WORK REQUEST.
Please reproduce exactly, and only, the lines from the one with "Used Mercedes-Benz S-Class" through the last line of the listing below, both ends included, leaving out the pictures.

PROVIDED DATA.
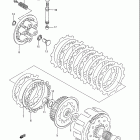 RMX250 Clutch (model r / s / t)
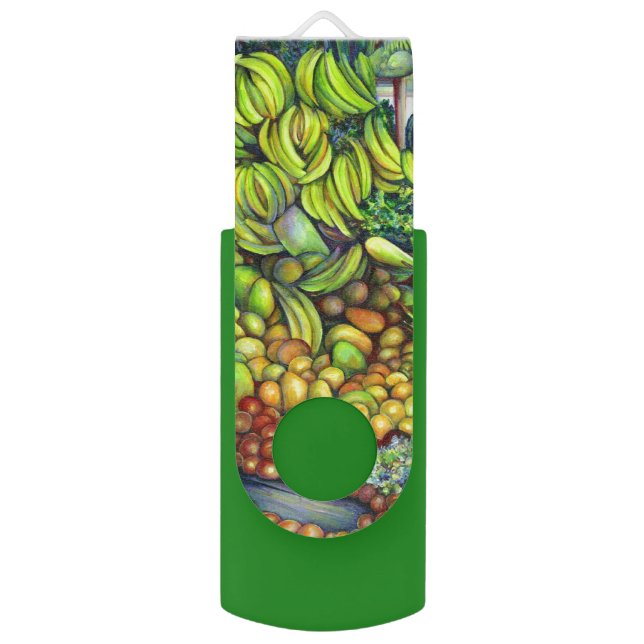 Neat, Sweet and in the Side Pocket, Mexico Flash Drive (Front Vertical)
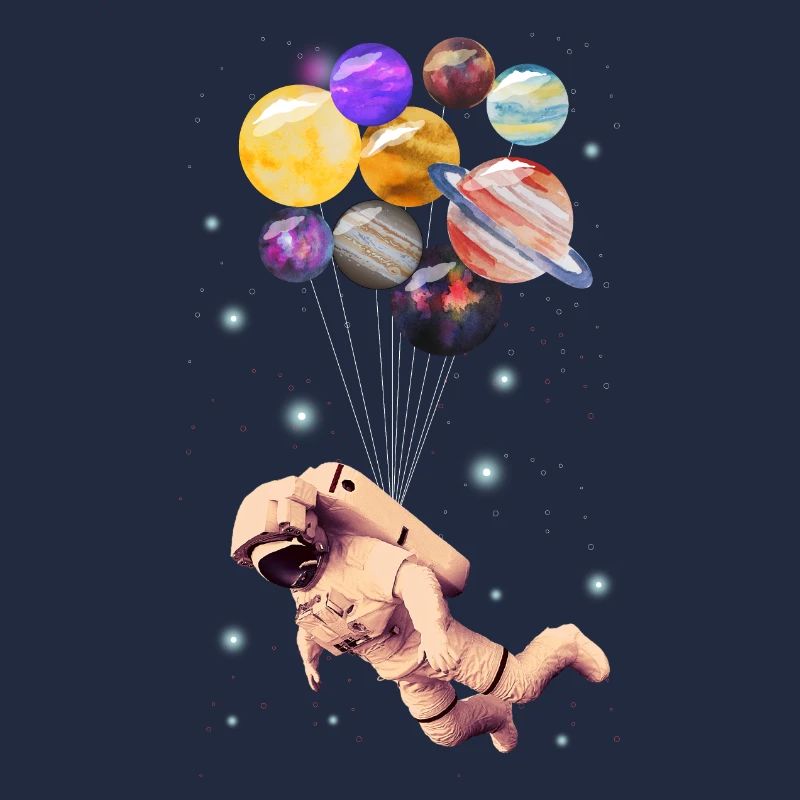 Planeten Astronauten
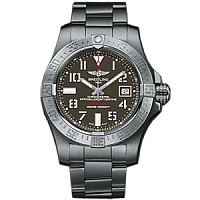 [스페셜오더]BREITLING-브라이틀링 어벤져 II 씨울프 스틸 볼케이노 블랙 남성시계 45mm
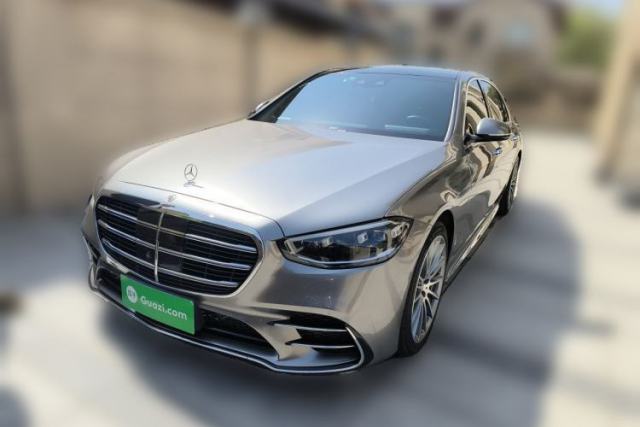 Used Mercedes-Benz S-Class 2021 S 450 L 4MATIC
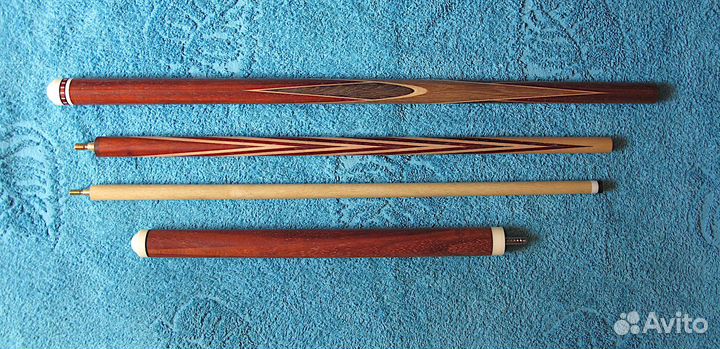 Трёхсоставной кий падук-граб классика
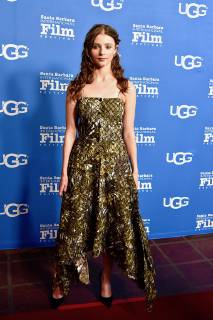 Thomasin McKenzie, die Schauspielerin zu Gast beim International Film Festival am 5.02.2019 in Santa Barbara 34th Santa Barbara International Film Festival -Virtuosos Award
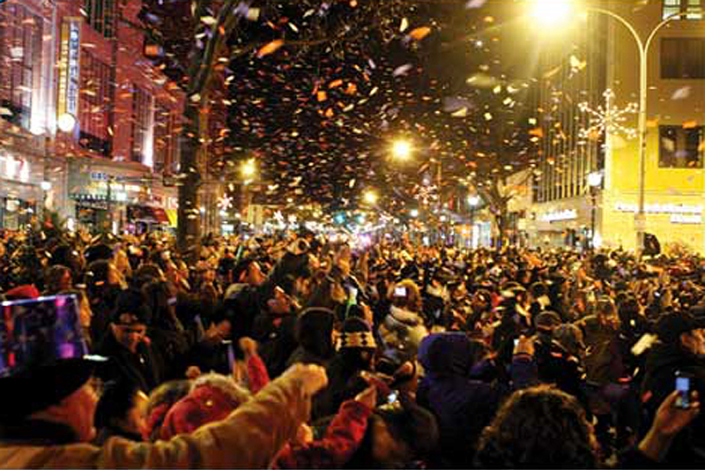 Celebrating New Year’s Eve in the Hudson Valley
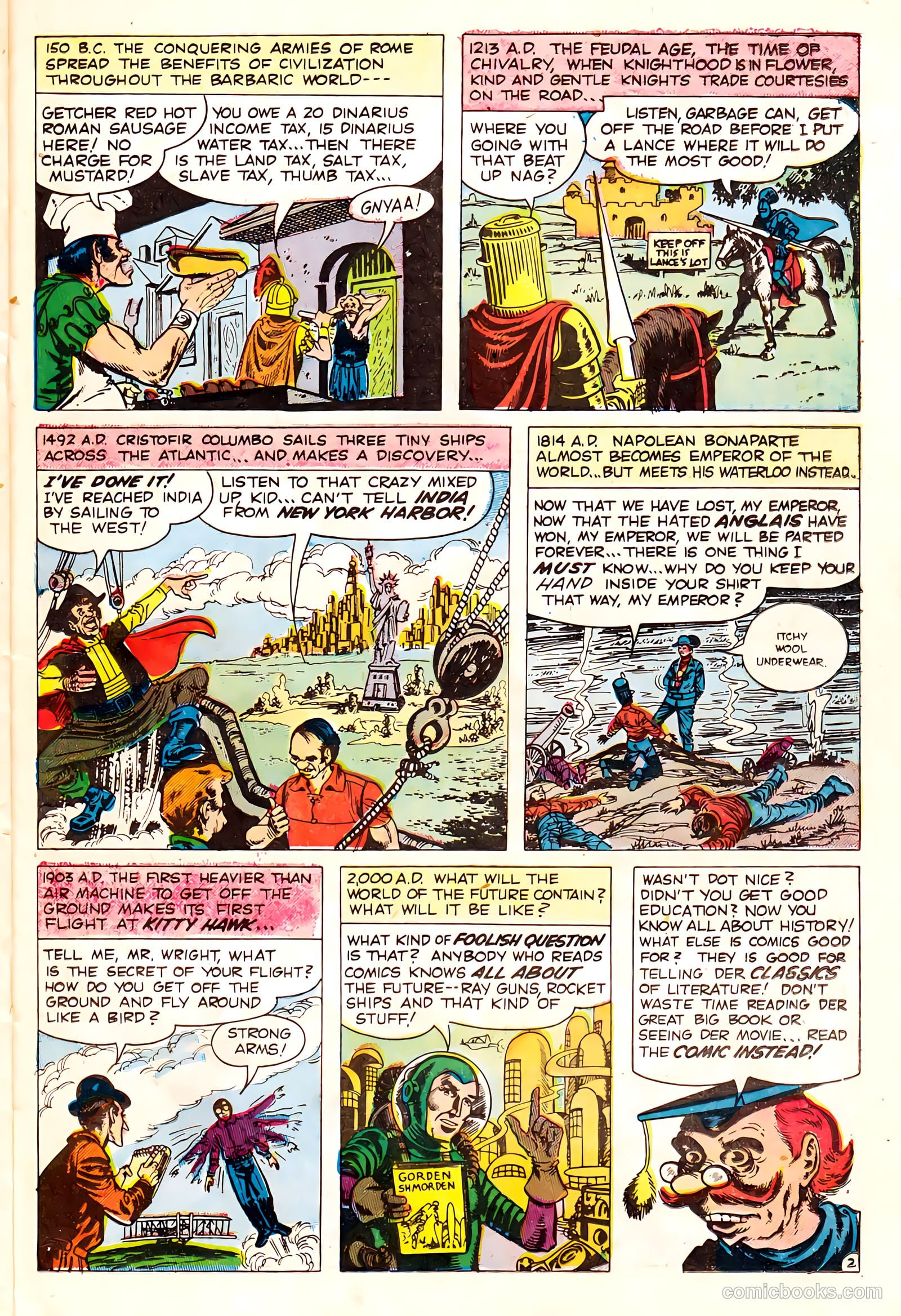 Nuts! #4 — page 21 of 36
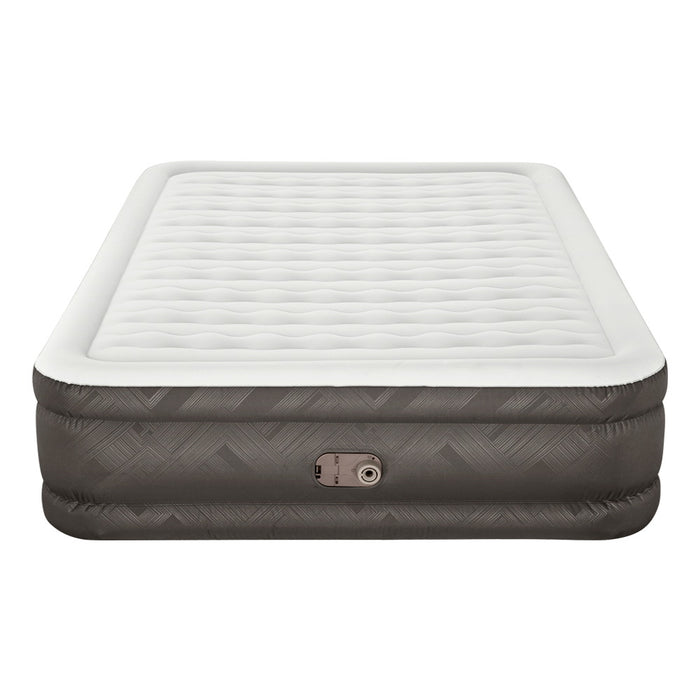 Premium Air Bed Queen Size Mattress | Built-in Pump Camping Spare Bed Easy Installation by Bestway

RESPONSE.
 Used Mercedes-Benz S-Class 2021 S 450 L 4MATIC
 Трёхсоставной кий падук-граб классика
 Thomasin McKenzie, die Schauspielerin zu Gast beim International Film Festival am 5.02.2019 in Santa Barbara 34th Santa Barbara International Film Festival -Virtuosos Award
 Celebrating New Year’s Eve in the Hudson Valley
 Nuts! #4 — page 21 of 36
 Premium Air Bed Queen Size Mattress | Built-in Pump Camping Spare Bed Easy Installation by Bestway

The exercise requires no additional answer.